> [PROBLEM] Please retype exactly the lines from the one containing "Palmerston NT Sunshine Coast Tourism" through the end of the records, leaving out the pictures.

MATERIAL PROVIDED START

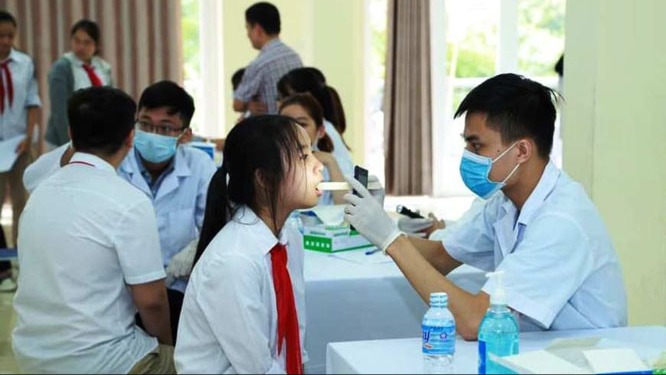 Đề xuất giảm trừ thuế tới 47 triệu đồng cho chi phí y tế, giáo dục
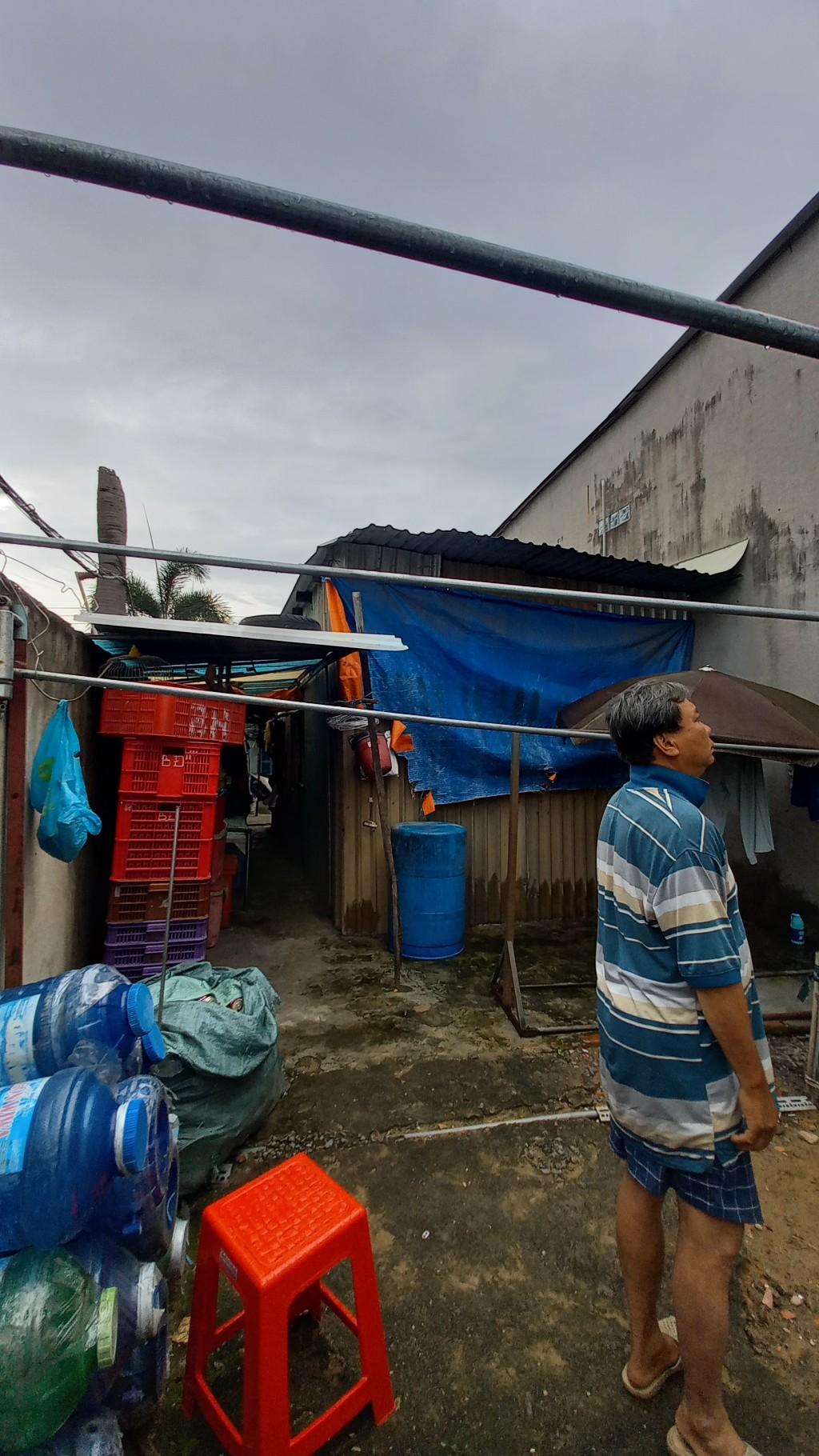 Nhà mặt phố đắc địa Bình Chánh, cơ hội cho nhà đầu tư
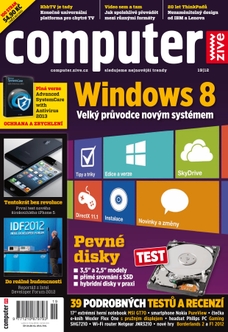 COMPUTER 19/2012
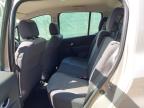 2009 RENAULT MODUS DYNA for sale at Copart PETERLEE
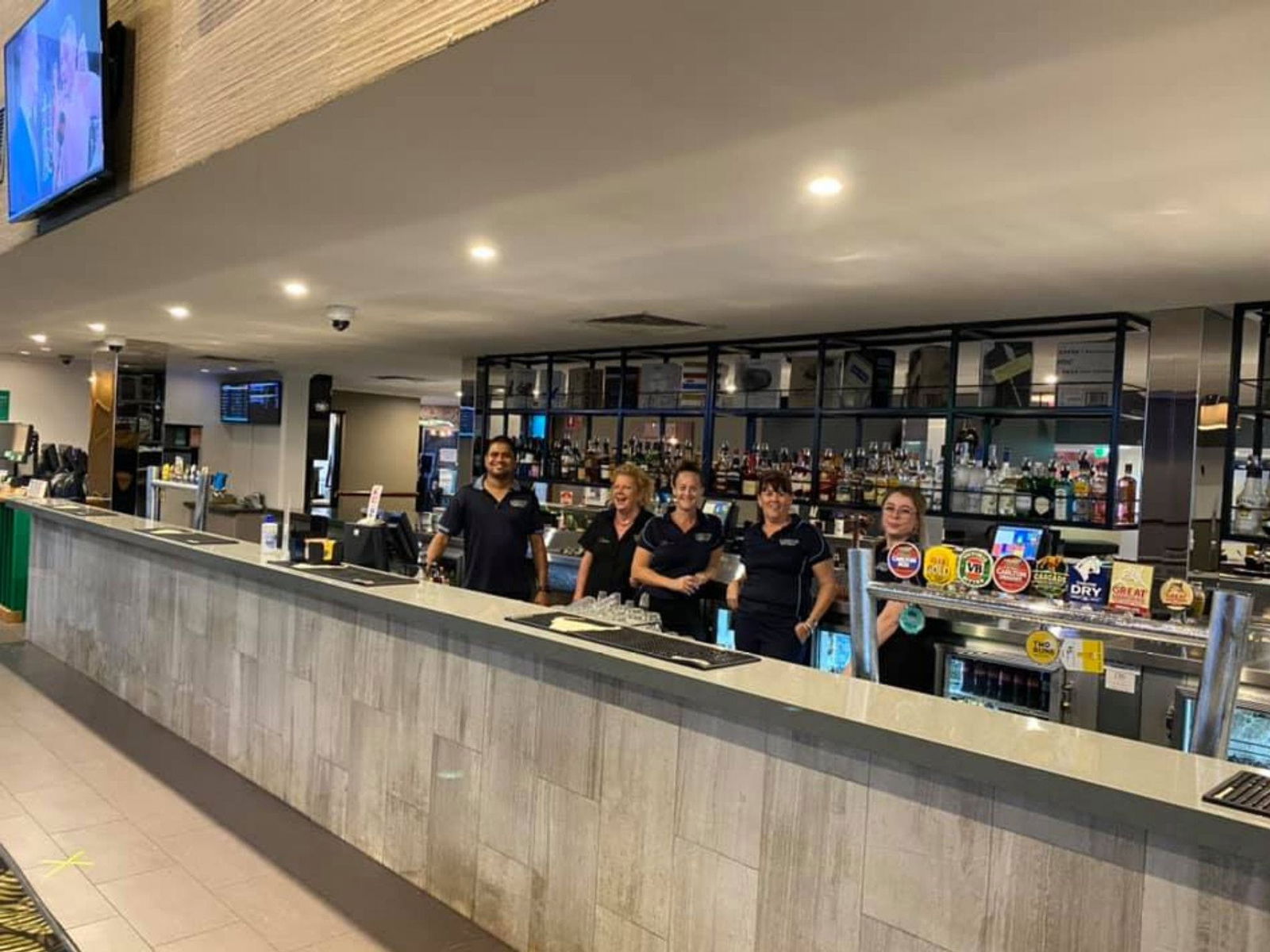 Palmerston NT Sunshine Coast Tourism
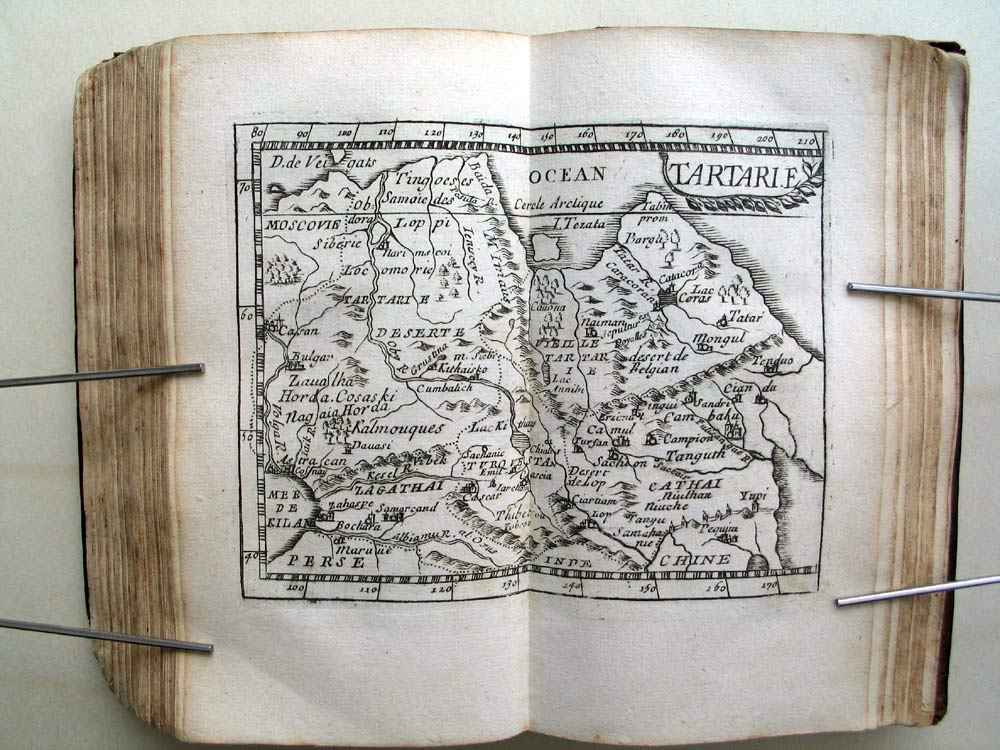 Всемирная География Дабвиля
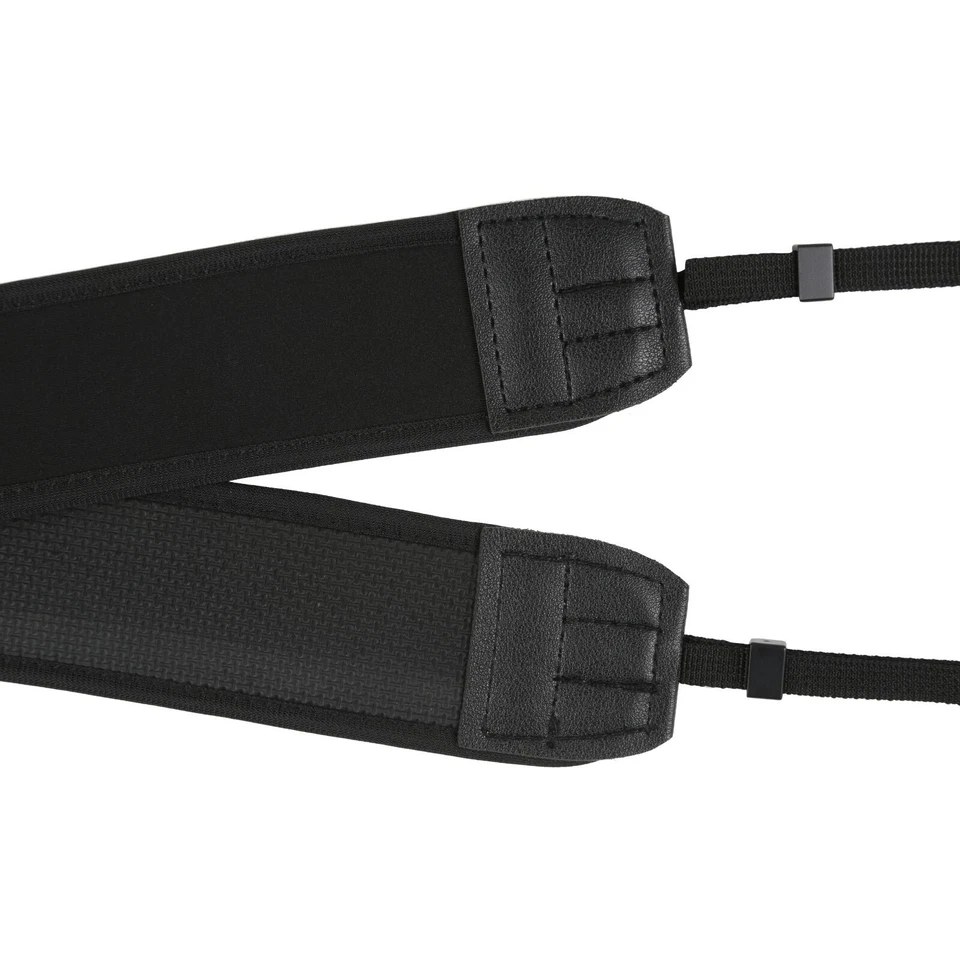 Binoculars Camera Neck Strap Shoulder ANTI-SLIP Comfy Universal Adjustable New - Image 4 of 4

MATERIAL PROVIDED END

> [ANSWER FOR THE TASK]
 Palmerston NT Sunshine Coast Tourism
 Всемирная География Дабвиля
 Binoculars Camera Neck Strap Shoulder ANTI-SLIP Comfy Universal Adjustable New - Image 4 of 4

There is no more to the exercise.